**AIM OF THE EXERCISE:**
Take every record and write it out again exactly, with no images included.

>>

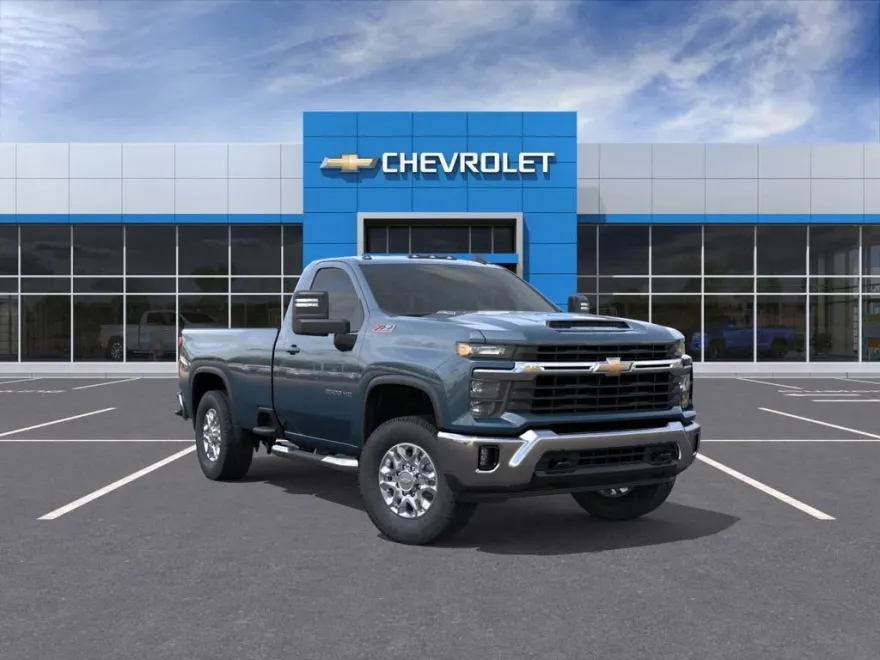 2026 Chevrolet Silverado 2500HD LT photo 1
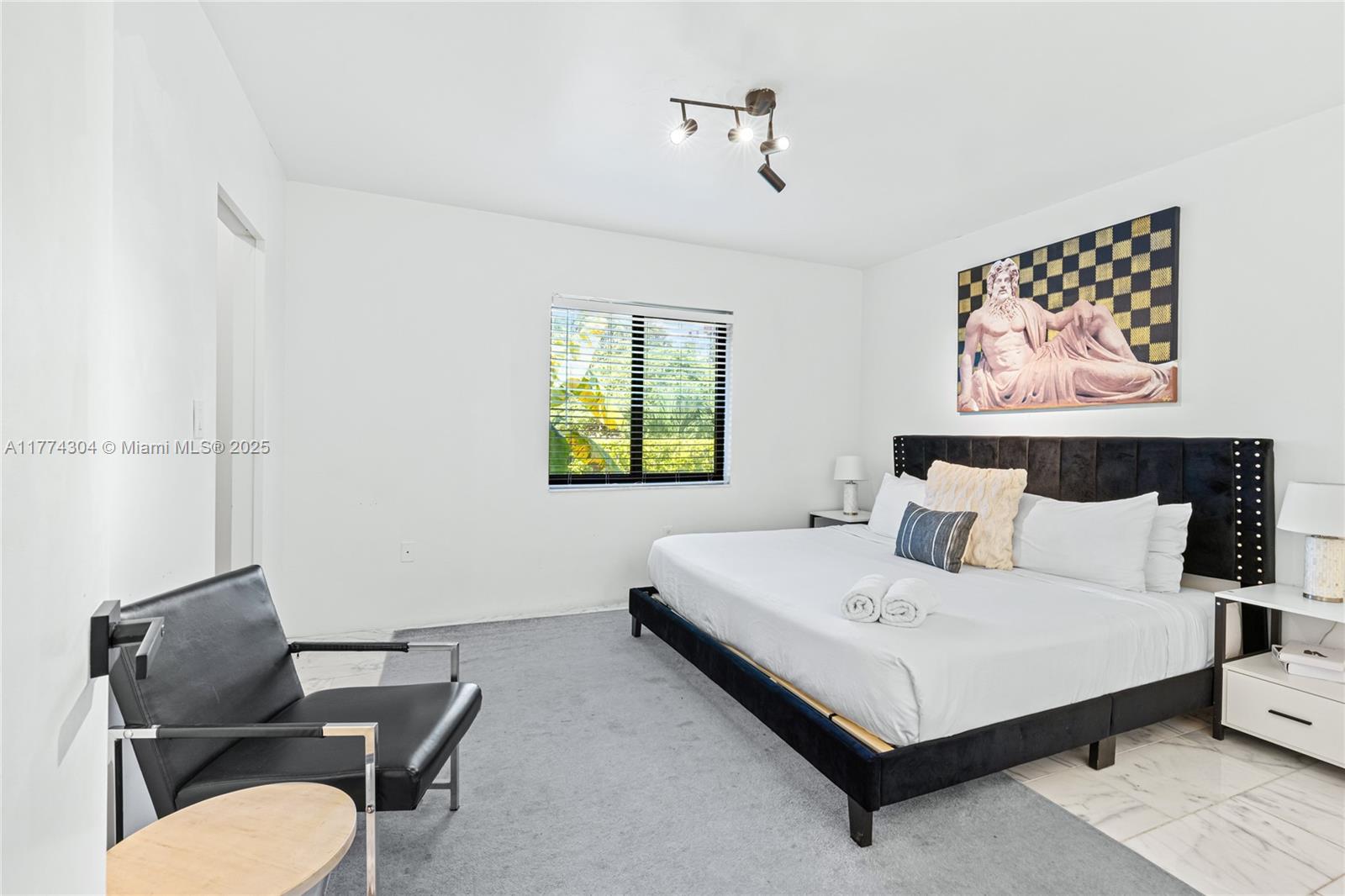 1061 NW North Riv Dr Miami, FL 33136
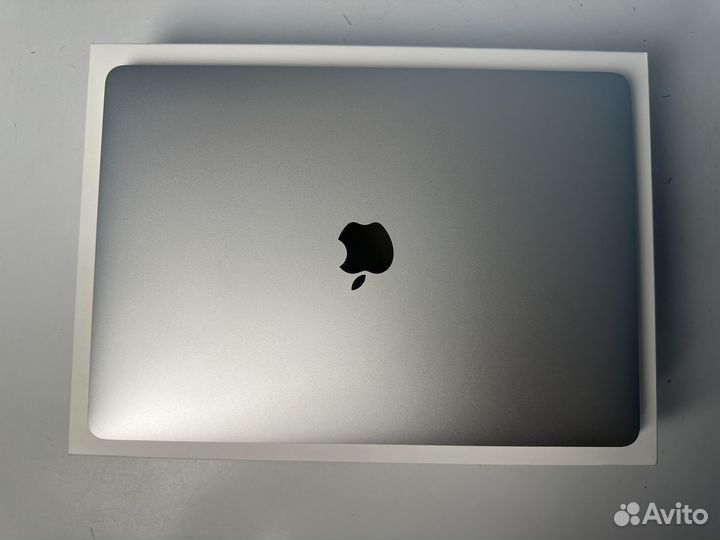 MacBook Pro 13 2022 M2, 8Gb, 512Gb Silver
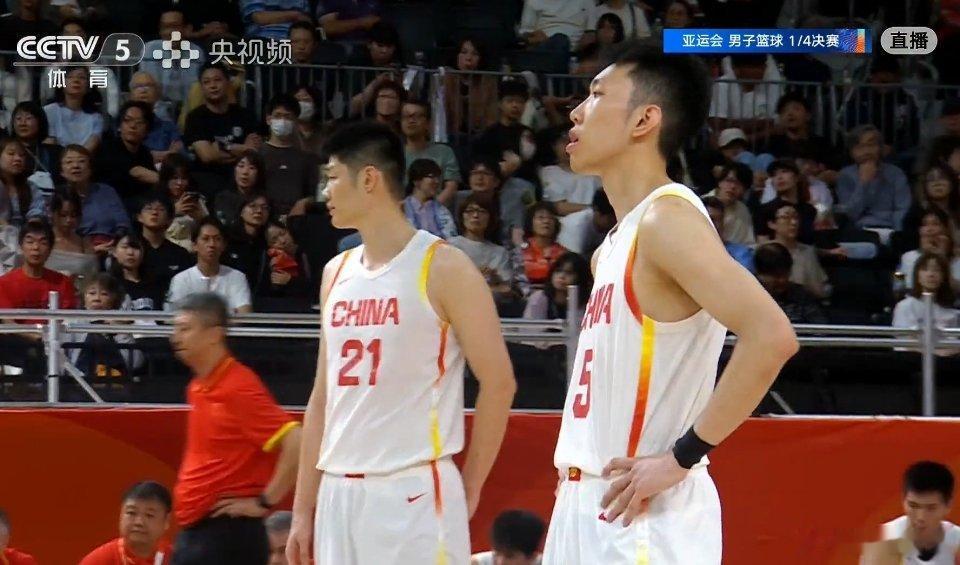 恭喜中国男篮险胜沙特挺进四强！廖三宁这场太牛了，爆砍30分7篮板4助攻，打出了国家队生涯最强一战，真的进化了他这突破看起来轻松又写意，关键时刻的急停抛投也非常从容冷静，完全把自己的技术特点展现出来了，满分[点赞]！
#中国男篮VS沙特##亚运会# #热聊亚运会# ​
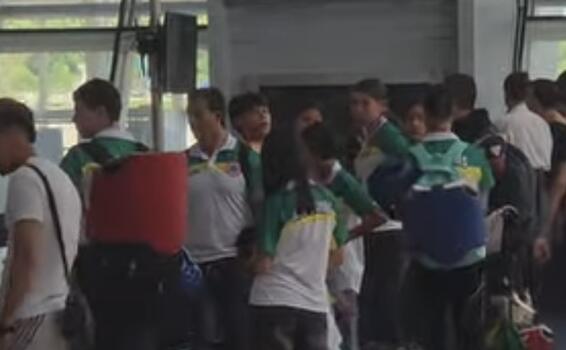 ¡Bienvenidos, campeones del Amazonas! ¡Bienvenidos, campeones del Amazonas!
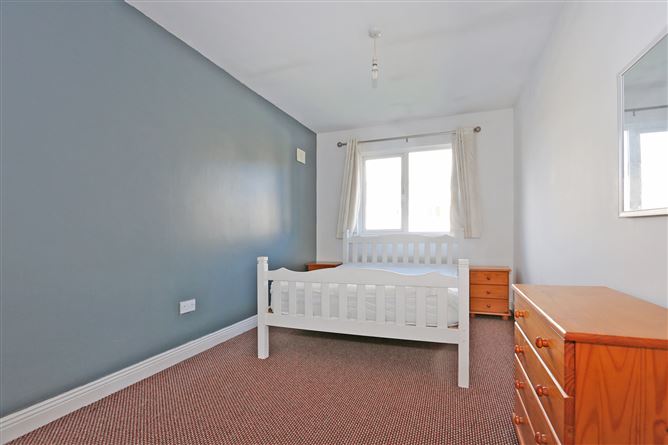 5 Dun Aras, Shannon, Co. Clare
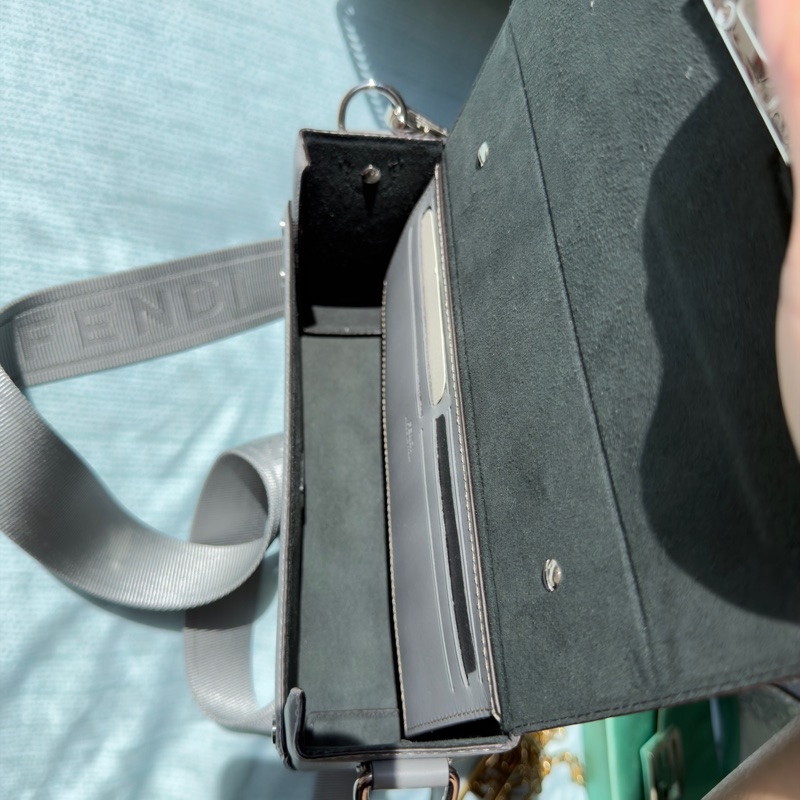 Fendi Baguette® Soft Trunk 淺灰色 許光漢同款-8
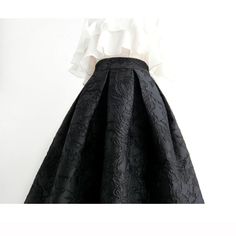 A simple black flared skirt. 
Made with jacquard fabric that has patterns and patterns woven into it, the outfit will not be monotonous and will give you a sense of elegance.
 Enjoy an adult French girly outfit with a frilled blouse.



 <Size>



 small size



 Total length: 68cm

 Waist: 64cm




 medium size



 Total length: 68cm

 Waist: 68cm




 L size



 Total length: 69cm

 Waist: 72cm




 XL size



 Total length: 69cm

 Waist: 76cm




 XXL size



 Total length: 70cm

 Waist: 8 Black A-line Voluminous Skirt, A-line Ruffled Skirt For Party, Elegant Black A-line Skirt, Elegant Floral Print Skirt For Party, Elegant Floral Print Party Skirt, Floral Print Flared Evening Skirt, Elegant Jacquard Skirt, Evening Flared Skirt With Floral Print, Evening Floral Print Flared Skirt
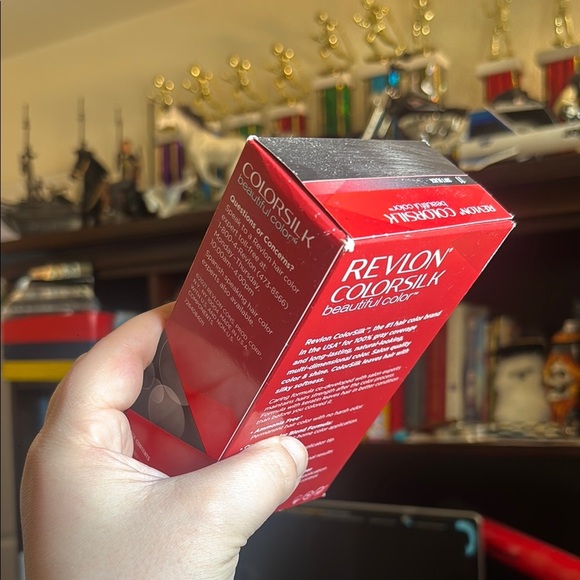 Revlon Colorsilk Soft Black 11 Hair Color Full Coverage Shine - Picture 4 of 4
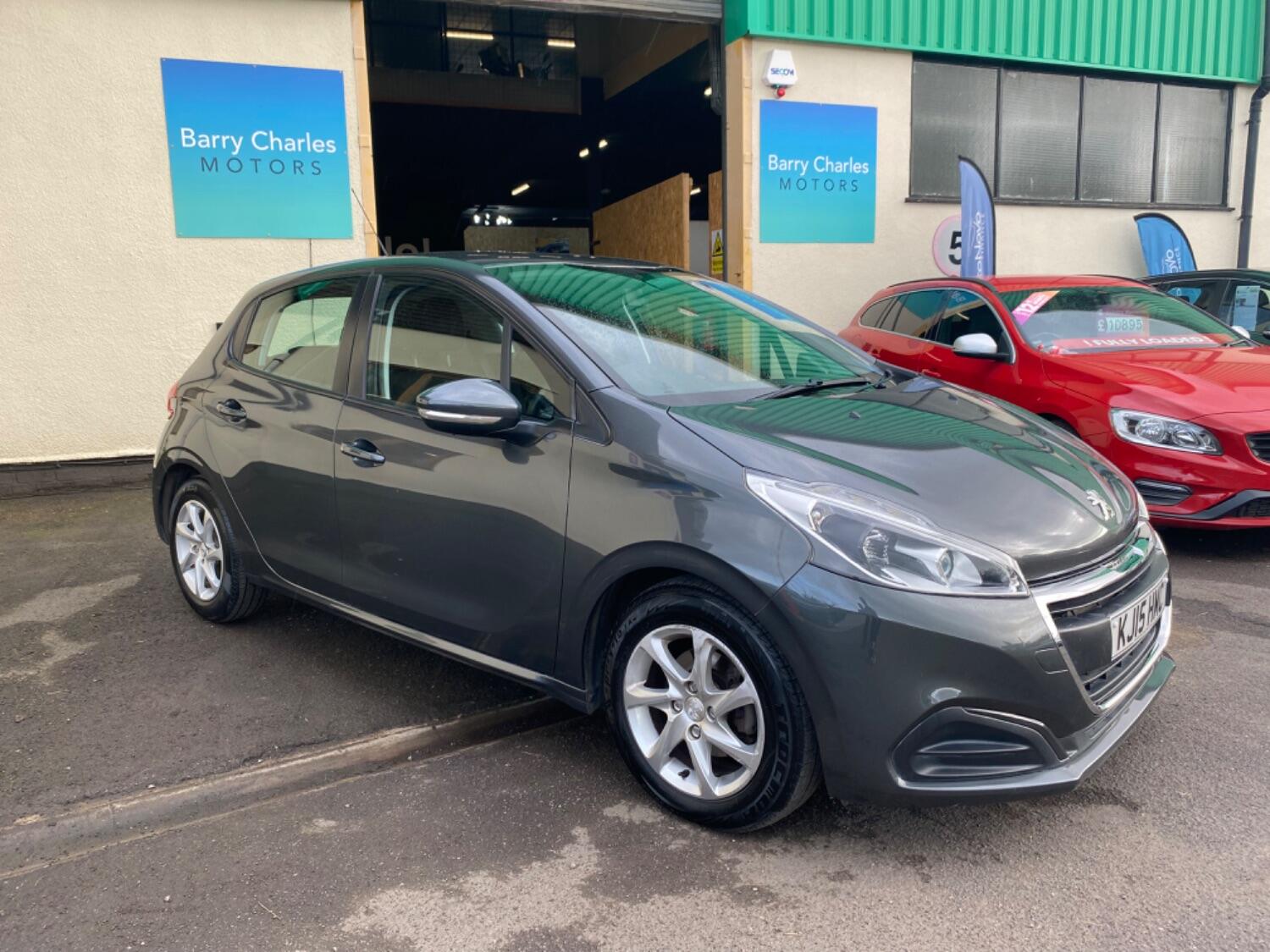 Peugeot 208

<<

**OUTPUT OF THE TASK:**
 2026 Chevrolet Silverado 2500HD LT photo 1
 1061 NW North Riv Dr Miami, FL 33136
 MacBook Pro 13 2022 M2, 8Gb, 512Gb Silver
 恭喜中国男篮险胜沙特挺进四强！廖三宁这场太牛了，爆砍30分7篮板4助攻，打出了国家队生涯最强一战，真的进化了他这突破看起来轻松又写意，关键时刻的急停抛投也非常从容冷静，完全把自己的技术特点展现出来了，满分[点赞]！
#中国男篮VS沙特##亚运会# #热聊亚运会# ​
 ¡Bienvenidos, campeones del Amazonas! ¡Bienvenidos, campeones del Amazonas!
 5 Dun Aras, Shannon, Co. Clare
 Fendi Baguette® Soft Trunk 淺灰色 許光漢同款-8
 A simple black flared skirt. 
Made with jacquard fabric that has patterns and patterns woven into it, the outfit will not be monotonous and will give you a sense of elegance.
 Enjoy an adult French girly outfit with a frilled blouse.



 <Size>



 small size



 Total length: 68cm

 Waist: 64cm




 medium size



 Total length: 68cm

 Waist: 68cm




 L size



 Total length: 69cm

 Waist: 72cm




 XL size



 Total length: 69cm

 Waist: 76cm




 XXL size



 Total length: 70cm

 Waist: 8 Black A-line Voluminous Skirt, A-line Ruffled Skirt For Party, Elegant Black A-line Skirt, Elegant Floral Print Skirt For Party, Elegant Floral Print Party Skirt, Floral Print Flared Evening Skirt, Elegant Jacquard Skirt, Evening Flared Skirt With Floral Print, Evening Floral Print Flared Skirt
 Revlon Colorsilk Soft Black 11 Hair Color Full Coverage Shine - Picture 4 of 4
 Peugeot 208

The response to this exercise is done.